### [Task to carry out]
Give again only the lines from the line that holds "Protein Structure (PS)" to the end of the data, inclusive, omitting all pictures.

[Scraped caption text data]

=== Section Start ===

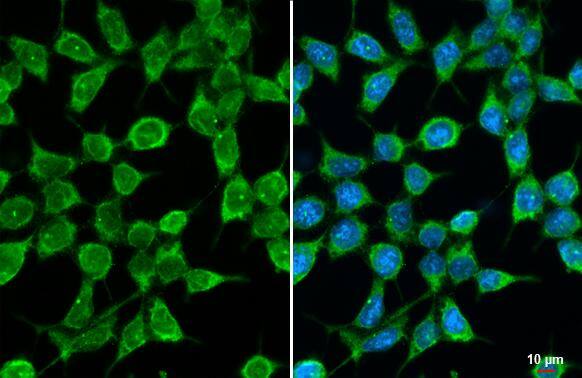GPS2 antibody [HL2276] detects GPS2 protein at cytoplasm by immunofluorescent analysis.Sample: 293T cells were fixed in ice-cold MeOH for 5 min.Green: GPS2 stained by GPS2 antibody [HL2276] (NBP3-48675) diluted at 1:500.Blue: Fluoroshield with DAPI . 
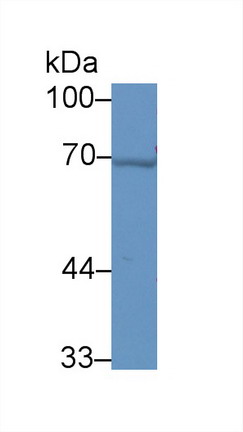 Polyclonal Antibody to Heat Shock 70kDa Protein 1A (HSPA1A)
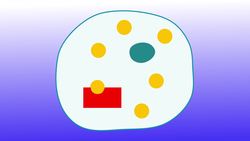 Regulation of Gene Expression: Operons, Epigenetics, and Transcription Factors Instructional Video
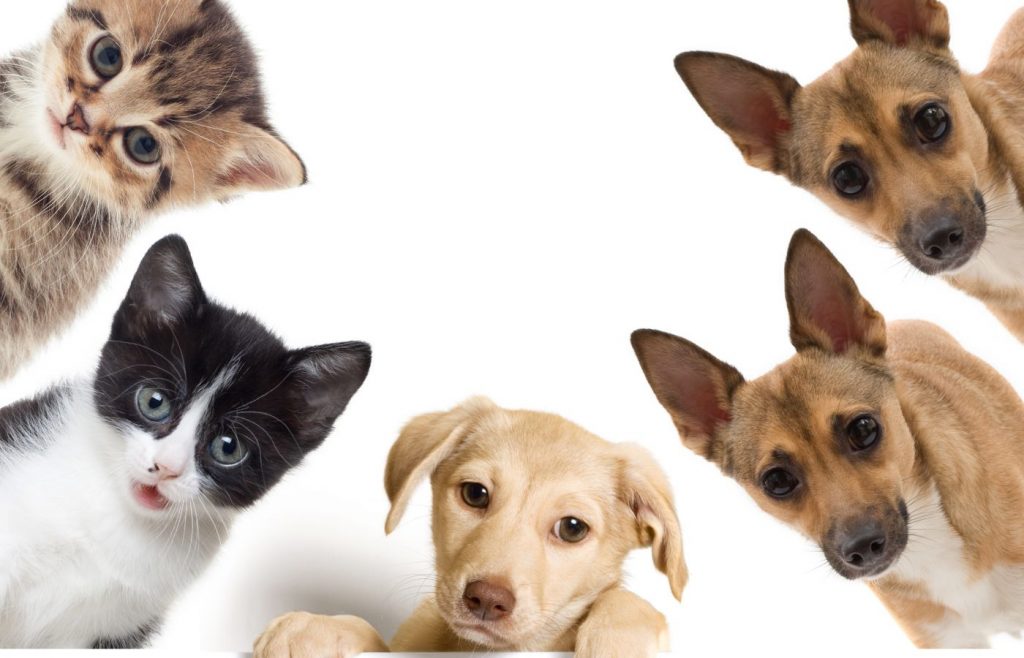 Imágenes para familiares con mascotas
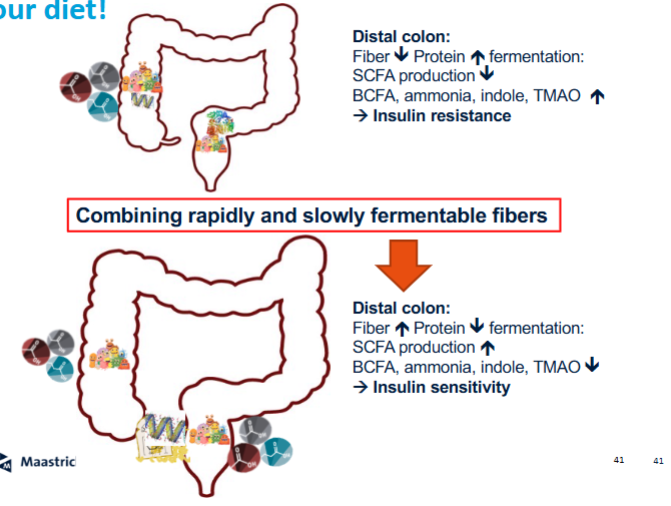 <ul><li><p>Fiber promotes saccharolytic fermentation over proteolytic fermentation</p></li><li><p>Ensures microbes use carbohydrates instead of proteins as energy source</p></li><li><p>Reduces production of toxic metabolites</p></li><li><p>Maintains healthier gut environment</p></li><li><p>Particularly important in the distal colon where fiber availability is lower</p></li></ul><p></p>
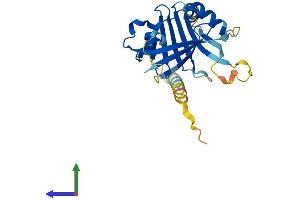 Protein Structure (PS) image for Integral Membrane Protein 2A (ITM2A) (AA 1-263) protein (His tag) (ABIN7548591)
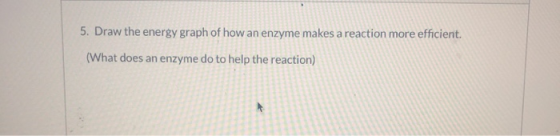 5. Draw the energy graph of how an enzyme makes a reaction more efficient. (What does an enzyme do to help the reaction)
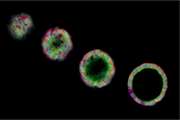 Interrupted reprogramming converts adult cells into high yields of progenitor-like cells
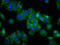 Opsin 1, Medium Wave Sensitive antibody, LS-C680985, Lifespan Biosciences, Immunofluorescence image 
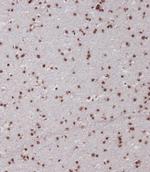 SIM1 Antibody in Immunohistochemistry (Paraffin) (IHC (P))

=== Section End ===

### [Response for this exercise]
 Protein Structure (PS) image for Integral Membrane Protein 2A (ITM2A) (AA 1-263) protein (His tag) (ABIN7548591)
 5. Draw the energy graph of how an enzyme makes a reaction more efficient. (What does an enzyme do to help the reaction)
 Interrupted reprogramming converts adult cells into high yields of progenitor-like cells
 Opsin 1, Medium Wave Sensitive antibody, LS-C680985, Lifespan Biosciences, Immunofluorescence image 
 SIM1 Antibody in Immunohistochemistry (Paraffin) (IHC (P))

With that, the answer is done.